We create this command line interface using argparse. This looks like this:

if __name__ == "__main__":
    parser = argparse.ArgumentParser(description="Compute zipf distribution")
    parser.add_argument("--in_folder", help="the input folder")
    parser.add_argument("--out_folder", help="the output folder")
    args = parser.parse_args()


The main function first verifies that there are files to be processed and creates the output folder if necessary. To manipulate paths, it uses the pathlib module. The function then runs each of the stages of the pipeline in turn until completion. We don’t write tests this part of the code, as we’ve lifted the error-prone aspects of the code elsewhere. Again, the goal is rarely to get 100% coverage, but rather to have good coverage where it counts.

The code uses a for loop to construct a table of results, which is then loaded into pandas, and then dumped to disk as csv. Pandas is not strictly necessary to write a csv file, but it’s the default choice to work with tabular data in Python, so it is used here. Have a look at the script here.

Make summary figures

Finally, to generate figures, we prefer the jupyter notebook environment. Polishing figures takes some trial and error, and the jupyter notebook environment makes it easy to iterate on figures. The notebook, in scripts/visualize_results.ipynb, takes in results files as csvs, and generates figures and summary tables from them.
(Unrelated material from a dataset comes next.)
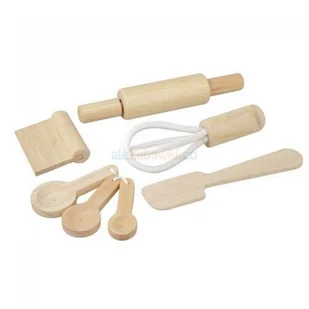 Plan Toys Przybory do pieczenia - PLTO-3450 - Zabawki AGD - miniaturka - grafika 2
Fig. 15 A plot generated by our pipeline. Zipf distribution estimated on the novel Frankenstein by Mary Shelley.

We used the standard choice of matplotlib for the figures, although with the stylesheet from seaborn, which is more aesthetically pleasing. Note, however, that there are a number of excellent libraries for interactive graphics, so if this was critical, we could certainly apply this here. There is no computation in the notebook, only figure and summary table generation, which keeps the code in the notebook to a minimum.

What did we learn?

We saw how to organize an analysis according to the organization proposed in this handbook. We created a new project folder and module with the true neutral cookiecutter. If this analysis were part of a larger project - a paper or book chapter - we would re-use the same project folder, and add new pipelines and analyses to the project.

When I started this project, I was surprised by how many macro- and micro-decisions were needed to be made about how a pipeline works and how it’s organized. A little bit of thinking ahead can avoid days of headaches later on. In this case, we chose a lightweight structure with one entry script calling module functions. These module functions are short and most of them are pure functions. Pure functions are easier to test. Indeed, we wrote unit tests to check that these functions worked as intended. That way, once the code was written and tests passed, it was crystal clear that the code worked as intended. We separated module code from glue code and plotting code. The resulting code is decoupled and easily maintainable.

Writing code in this organized way is effortful. Over the long term, this methodical approach is more efficient, and more importantly, it’s less stressful.

5-minute exercise

How would you change this pipeline so that it computes error bars for the parameters of the Zipf distribution through bootstrapping? Would you need to change existing functions? What function would you need to add? If you’re feeling adventurous, go ahead and implement it! It’s definitely more than a 5-minute project!